This new edition is also the most recent of the books and that helps. For example, the aforementioned Oyster Bay Chickee shows on charts in the wrong location - it was recently rebuilt by the park service in a nearby but different enough spot - and Molloy's book was the only one recent enough to mention it.
Earns 5 stars, despite the imperfections.
Update -- the maps are in fact numbered, however the numbers are on the very inner portion of the page, at the top. My mistake for not seeing these but they are easy to miss!
I was disappointed to be advised by people we met along the paddle that the "Nightmare Route" would not be passable after the most recent hurricanes of 2005 because of fallen trees and the fact that the ranger service does not maintain the route. After reading this guide, which was published in 2000, I had been totally sold on the idea of paddling the "Quintessential Everglades Route." I don't know if it is actually not passable, but we decided not to take the chance. Anyone interested should pursue more updated information. The North Harney River Route, however, was passable and satisfied some of that desire to paddle the route less taken.

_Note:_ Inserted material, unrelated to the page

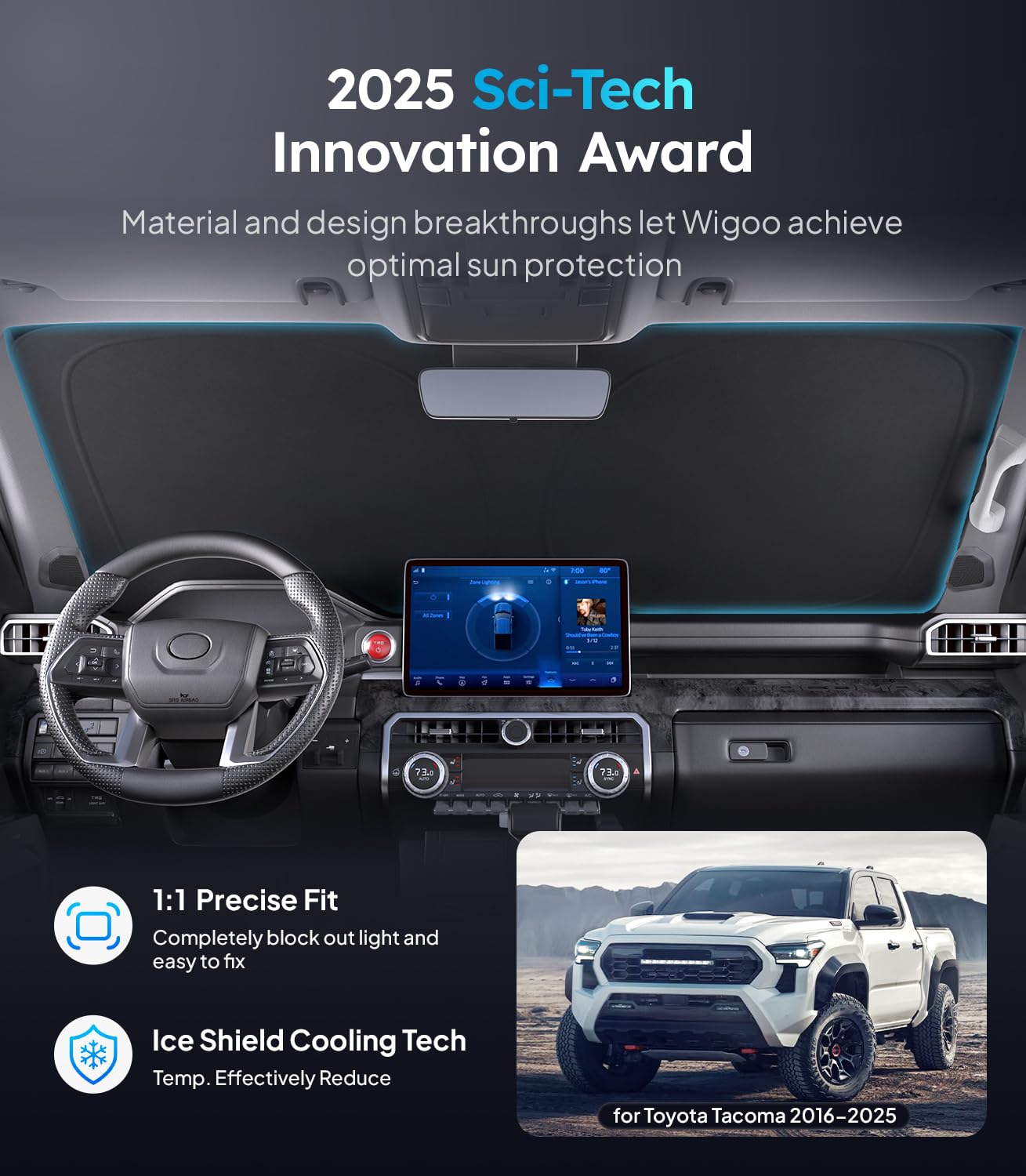 Wigoo For Toyota Tacoma 2016-2025 Windshield Sunshade [100% Sun Block, 4Th-Gen Cooling Tech] Foldable Heat Insulation Front Wind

If you don't know what no-see-ums are, investigate protecting yourself from them before you go. Yikes!
We've managed to follow some of the trails and other we've probably criss-crossed while making our own. While we still have some work to do on our navigation skills, we have never had a bad trip. We have been thankful for this guide which not only helped prepare us for the trip, but also served as encouragement for us to get out there and explore.